Debit Cards and Identity Theft

A PIN Doesn’t Necessarily Protect You from Identity Theft

Think you’re safe from identity theft? You may want to think twice. You might regularly shred important financial documents and safeguard your social security number, but that doesn’t mean you are exempt from becoming an identity theft victim. A new type of identity theft recently made headlines and those of us with debit cards may want to stand up and take notice.
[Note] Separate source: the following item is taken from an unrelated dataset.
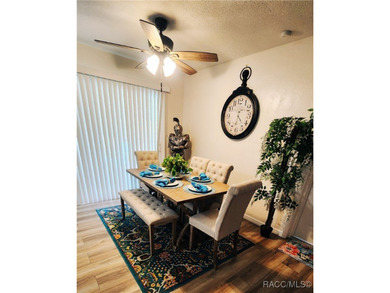 Seller is now offering a New Roof to be installed before closing on Plantation Inn and Golf Resort  in Florida - for sale on GolfHomes.com, golf home, golf lot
The Increasing Trend -- The Increasing Risk

If you’re like many Americans, you probably use your debit card for routine purchases like groceries and gas. While many people have assumed that debit cards are safe to use, some Washington residents recently found out differently. Debit card use was recently the source of identity theft for more than one-hundred customers of a local tobacco store. These customers became the unsuspecting victims of identity theft when they used their debit cards to pay for purchases at the store. Apparently, some sort of device was capturing information from the magnetic strip on the customer’s debit cards in addition to the customers’ PIN numbers when customers completed their purchase. The store owner then sold that information to identity theft criminals in Las Vegas who cloned the debit cards and began withdrawing money from ATMs.

Guarding Your Debit Card

Given the aggravation and financial loss you would experience in such a situation, you might want to reconsider using your debit card to pay for purchases from certain establishments. If your debit card information is stolen, you may be responsible for any charges that occur – although most financial institutions do provide their debit card users with added security.

When you do use your debit card to pay for purchases, make sure you keep the receipts from each purchase you make. Then, when the monthly bank statement comes in, compare the receipts you have to the charges on your bank statement.

Also make sure you check on your balance frequently, either online or via the phone, in order to catch any suspicious transactions as quickly as possible. There are time limits you need to adhere to if you want to limit your losses, and waiting for your monthly bank statements may put you outside of that timeframe.